Well, I wouldn't run any "nice" electronics on generator power, no matter who was making the generator. 

I don't trust the power company either - I have an APS voltage regulator running before the hefty surge protector before reaching my electronics hub. And the only thing that gets plugged in during generator use is the TV and the cable box. 

But as far as 5500W being enough power - the water heaters these days start at 4500W, so if you turn that on, you are left with little overhead. Most furnace blowers (if using natural gas) will easily go over 1000W so you are SOL right there alone, not to mention a fridge, some lights, TV, the sump pump is very important depending on the natural disaster and your homestead, maybe a water well, if you live in the country, etc. Heck, the microwave alone draws 1kW+ 

I wonder if you have used it to power your house and if so - what appliances have you had on during use?

P.S. I'm not really hating on the Honda, I just keep trying to add the numbers and just doesn't work. Maybe it's a good deal if bought used?


----------



## montr

The EU6500is is powerful enough to power the whole house. It is connected to a Reliance 10 circuit transfer switch to power the essential circuits. It easily power the water heater (high efficiency condensing Rheem NG tankless, 40W), electronics, computers, lights (mostly LED), 3 tons A/C (Trane 20i on first stage, 1.1 KW) and NG furnace (variable speed 95% Trane, 200W). The only appliance that it will not power is the electric oven.

I do not have to do any load shedding, it can power it all without any dip in voltage or change in frequency. Note: The air handler is set to start 10 seconds after the compressor to minimize surge current. Also, the air handler is variable speed and does not have a large starting current.


----------



## Surge

I'm not hating on the Honda 6500, but since we are talking power output, you get 500 more watts with the Ridgid. Also, the Ridgid has a considerably longer run time, thanks to the bigger fuel tank. 
I'm guessing the Ridgid is going to be a bit more efficient too, since it's not powering an inverter. 
As for voltage regulation, I wouldn't run sensitive A/V or other electronics on ANY generator. If you're really concerned, use something like a PS Audio P5/10 AC regenerator. 

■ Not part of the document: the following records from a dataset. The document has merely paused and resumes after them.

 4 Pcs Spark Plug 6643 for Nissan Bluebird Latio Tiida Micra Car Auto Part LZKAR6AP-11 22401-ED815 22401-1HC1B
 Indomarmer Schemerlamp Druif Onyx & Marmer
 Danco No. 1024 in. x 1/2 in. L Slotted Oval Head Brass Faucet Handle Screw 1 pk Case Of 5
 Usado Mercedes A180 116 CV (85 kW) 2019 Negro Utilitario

Oh and the Honda is a good 6" wider...not good. I find the Ridgid hard to fit in spots already. 

I suppose if you use it often enough, the honda makes more sense, just for piece of mind (although both units have the GX390 engine, so the differences are in the generator windings and how it's built. That's a pretty simple device though...)

But I just cannot justify the price, given its deficiencies: power output, size, run time.


----------



## STS

montr said:


> The EU6500is is powerful enough to power the whole house. It is connected to a Reliance 10 circuit transfer switch to power the essential circuits. It easily power the water heater (high efficiency condensing Rheem NG tankless, 40W), electronics, computers, lights (mostly LED), 3 tons A/C (Trane 20i on first stage, 1.1 KW) and NG furnace (variable speed 95% Trane, 200W). The only appliance that it will not power is the electric oven.
> 
> I do not have to do any load shedding, it can power it all without any dip in voltage or change in frequency. Note: The air handler is set to start 10 seconds after the compressor to minimize surge current. Also, the air handler is variable speed and does not have a large starting current.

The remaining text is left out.